In ultimo, ma non per ordine di importanza, realtà come l’Ires hanno un senso ed una funzione specifici se vengono “sfruttati” dalla politica. E quindi dalle istituzioni. “Sfruttati” nel senso che la loro ricerca e la loro produzione riescano realmente a condizionare la concreta produzione politica e legislativa delle istituzioni. A livello regionale ma anche, e soprattutto, a livello nazionale. Purché i parlamentari nazionali non si limitino ad essere solo grigi passacarte di ciò che i partiti decidono a livello centrale.

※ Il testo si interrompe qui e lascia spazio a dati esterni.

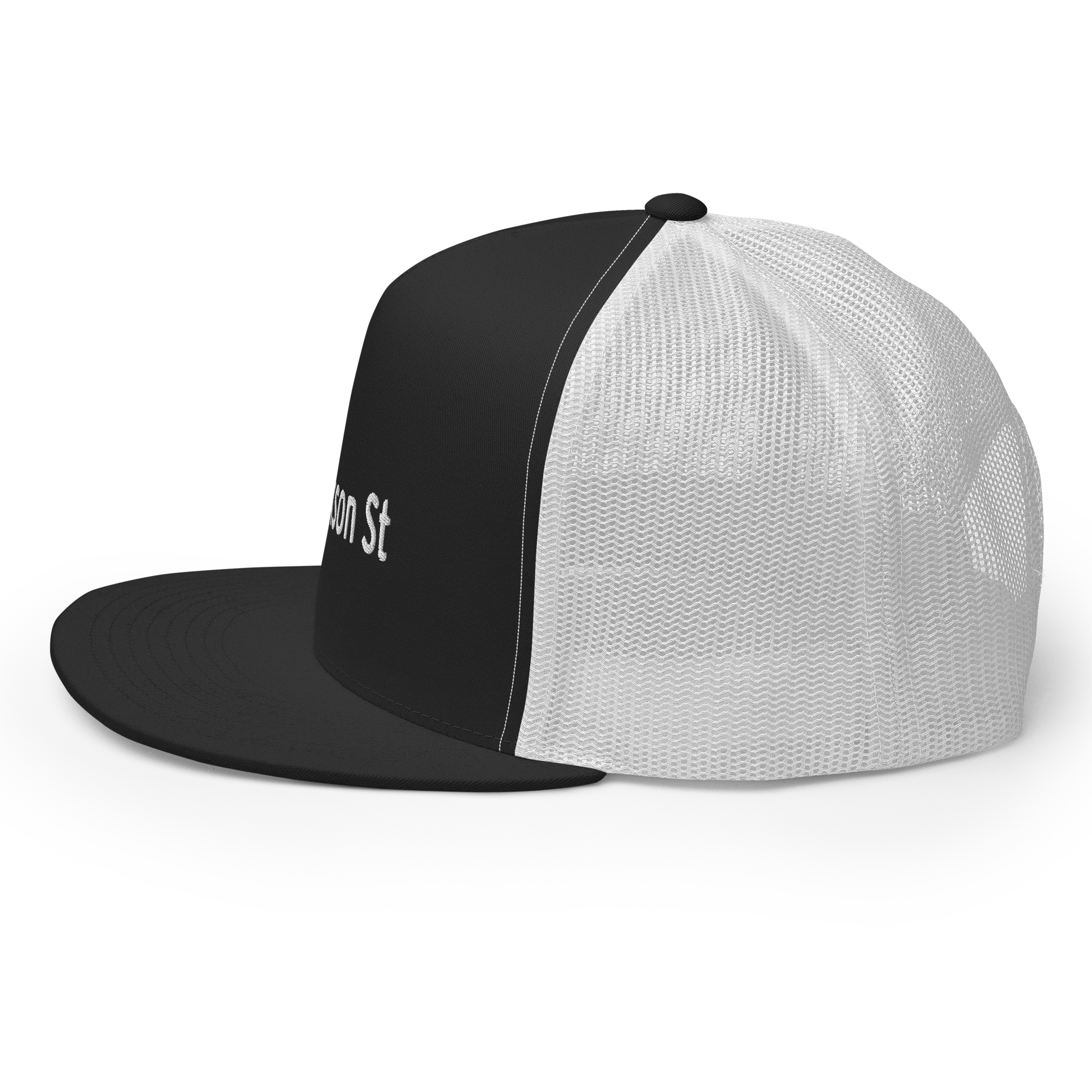 Dickson St 5 Panel Trucker Cap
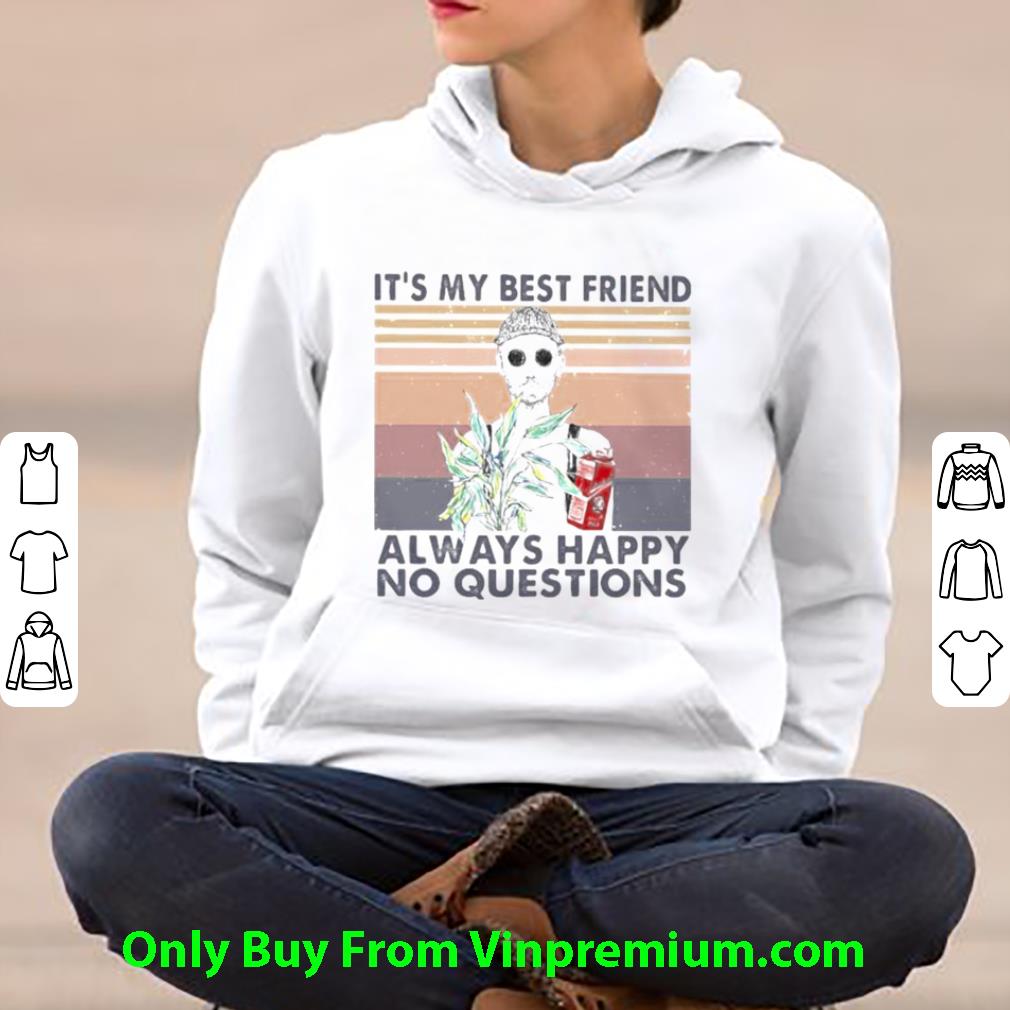 e3c7d5ac hot vintage gardening it s my best friend always happy no questions shirt 4 - Hot Vintage Gardening It’s My Best Friend Always Happy No Questions shirt
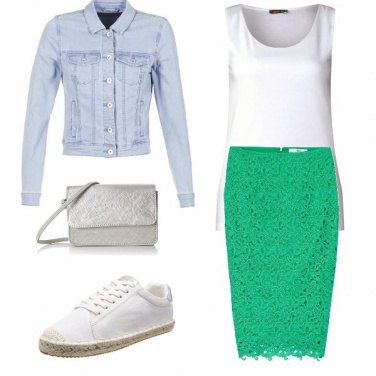 Outfit Gonna di pizzo!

Ecco perché, al di là di ogni altra valutazione, proprio attraverso la considerazione che si ha del ruolo di istituti come l’Ires a livello piemontese o del Censis a livello nazionale, noi capiremo se la politica vuole ridiventare un luogo di elaborazione progettuale o se, al contrario, si rifugia nel populismo o garantire l’ordinaria amministrazione. Per queste ragioni l’Ires, come altri enti o centri o istituti di ricerca, sono estremamente importanti per la politica, per i partiti e per le stesse istituzioni. Locali e nazionali.